[Data listing]:

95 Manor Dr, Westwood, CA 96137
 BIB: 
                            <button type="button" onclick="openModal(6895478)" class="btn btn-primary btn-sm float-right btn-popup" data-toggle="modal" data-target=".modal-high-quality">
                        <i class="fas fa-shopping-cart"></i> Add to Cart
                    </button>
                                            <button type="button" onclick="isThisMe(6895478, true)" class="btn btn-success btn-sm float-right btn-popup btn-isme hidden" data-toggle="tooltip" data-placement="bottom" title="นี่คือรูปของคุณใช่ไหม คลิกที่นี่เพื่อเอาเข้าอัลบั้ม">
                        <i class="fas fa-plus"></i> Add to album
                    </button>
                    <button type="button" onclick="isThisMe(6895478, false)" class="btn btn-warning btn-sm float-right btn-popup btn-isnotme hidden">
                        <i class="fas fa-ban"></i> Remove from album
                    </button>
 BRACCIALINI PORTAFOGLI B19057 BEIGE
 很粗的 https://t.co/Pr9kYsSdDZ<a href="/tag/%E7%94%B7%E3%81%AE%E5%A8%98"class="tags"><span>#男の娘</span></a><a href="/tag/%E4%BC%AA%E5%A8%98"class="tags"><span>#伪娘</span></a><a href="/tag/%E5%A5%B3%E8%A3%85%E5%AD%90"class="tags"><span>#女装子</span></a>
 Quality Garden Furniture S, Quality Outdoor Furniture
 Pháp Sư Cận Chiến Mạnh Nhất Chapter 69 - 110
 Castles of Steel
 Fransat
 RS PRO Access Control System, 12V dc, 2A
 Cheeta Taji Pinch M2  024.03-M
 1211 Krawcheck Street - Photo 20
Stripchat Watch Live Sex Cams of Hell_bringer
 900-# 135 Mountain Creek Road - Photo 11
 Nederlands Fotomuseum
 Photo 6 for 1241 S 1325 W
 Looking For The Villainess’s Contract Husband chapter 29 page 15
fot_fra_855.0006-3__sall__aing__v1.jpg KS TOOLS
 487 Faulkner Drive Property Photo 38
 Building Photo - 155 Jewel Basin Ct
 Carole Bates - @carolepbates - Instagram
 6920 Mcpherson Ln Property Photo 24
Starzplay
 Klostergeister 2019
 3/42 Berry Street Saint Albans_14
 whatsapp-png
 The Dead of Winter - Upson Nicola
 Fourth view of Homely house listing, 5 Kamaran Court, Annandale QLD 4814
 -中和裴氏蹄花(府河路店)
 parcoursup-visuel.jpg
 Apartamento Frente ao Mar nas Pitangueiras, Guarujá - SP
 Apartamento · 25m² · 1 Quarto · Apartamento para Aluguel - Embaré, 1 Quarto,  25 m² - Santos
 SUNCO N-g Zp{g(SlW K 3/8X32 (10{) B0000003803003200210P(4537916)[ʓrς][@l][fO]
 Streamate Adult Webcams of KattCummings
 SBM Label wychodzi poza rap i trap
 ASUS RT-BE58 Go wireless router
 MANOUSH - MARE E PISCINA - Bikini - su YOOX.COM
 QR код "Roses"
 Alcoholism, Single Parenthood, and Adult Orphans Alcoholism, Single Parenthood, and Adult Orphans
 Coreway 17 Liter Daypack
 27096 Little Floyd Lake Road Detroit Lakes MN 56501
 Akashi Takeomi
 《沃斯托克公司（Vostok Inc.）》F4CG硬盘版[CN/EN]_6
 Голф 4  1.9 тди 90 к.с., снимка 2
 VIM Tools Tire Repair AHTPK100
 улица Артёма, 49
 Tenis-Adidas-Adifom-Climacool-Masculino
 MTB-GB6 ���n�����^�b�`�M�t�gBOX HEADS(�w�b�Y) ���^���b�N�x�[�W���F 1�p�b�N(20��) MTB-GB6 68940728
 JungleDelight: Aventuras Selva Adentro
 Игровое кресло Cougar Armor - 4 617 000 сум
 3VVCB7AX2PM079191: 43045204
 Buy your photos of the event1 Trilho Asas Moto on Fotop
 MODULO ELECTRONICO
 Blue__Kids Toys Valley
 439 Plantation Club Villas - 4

[What to produce]: What you return should be the lines from the beginning of the records through the one that contains "Apartamento · 25m²", repeated exactly and with no additions.

[The completed task]:
95 Manor Dr, Westwood, CA 96137
 BIB: 
                            <button type="button" onclick="openModal(6895478)" class="btn btn-primary btn-sm float-right btn-popup" data-toggle="modal" data-target=".modal-high-quality">
                        <i class="fas fa-shopping-cart"></i> Add to Cart
                    </button>
                                            <button type="button" onclick="isThisMe(6895478, true)" class="btn btn-success btn-sm float-right btn-popup btn-isme hidden" data-toggle="tooltip" data-placement="bottom" title="นี่คือรูปของคุณใช่ไหม คลิกที่นี่เพื่อเอาเข้าอัลบั้ม">
                        <i class="fas fa-plus"></i> Add to album
                    </button>
                    <button type="button" onclick="isThisMe(6895478, false)" class="btn btn-warning btn-sm float-right btn-popup btn-isnotme hidden">
                        <i class="fas fa-ban"></i> Remove from album
                    </button>
 BRACCIALINI PORTAFOGLI B19057 BEIGE
 很粗的 https://t.co/Pr9kYsSdDZ<a href="/tag/%E7%94%B7%E3%81%AE%E5%A8%98"class="tags"><span>#男の娘</span></a><a href="/tag/%E4%BC%AA%E5%A8%98"class="tags"><span>#伪娘</span></a><a href="/tag/%E5%A5%B3%E8%A3%85%E5%AD%90"class="tags"><span>#女装子</span></a>
 Quality Garden Furniture S, Quality Outdoor Furniture
 Pháp Sư Cận Chiến Mạnh Nhất Chapter 69 - 110
 Castles of Steel
 Fransat
 RS PRO Access Control System, 12V dc, 2A
 Cheeta Taji Pinch M2  024.03-M
 1211 Krawcheck Street - Photo 20
Stripchat Watch Live Sex Cams of Hell_bringer
 900-# 135 Mountain Creek Road - Photo 11
 Nederlands Fotomuseum
 Photo 6 for 1241 S 1325 W
 Looking For The Villainess’s Contract Husband chapter 29 page 15
fot_fra_855.0006-3__sall__aing__v1.jpg KS TOOLS
 487 Faulkner Drive Property Photo 38
 Building Photo - 155 Jewel Basin Ct
 Carole Bates - @carolepbates - Instagram
 6920 Mcpherson Ln Property Photo 24
Starzplay
 Klostergeister 2019
 3/42 Berry Street Saint Albans_14
 whatsapp-png
 The Dead of Winter - Upson Nicola
 Fourth view of Homely house listing, 5 Kamaran Court, Annandale QLD 4814
 -中和裴氏蹄花(府河路店)
 parcoursup-visuel.jpg
 Apartamento Frente ao Mar nas Pitangueiras, Guarujá - SP
 Apartamento · 25m² · 1 Quarto · Apartamento para Aluguel - Embaré, 1 Quarto,  25 m² - Santos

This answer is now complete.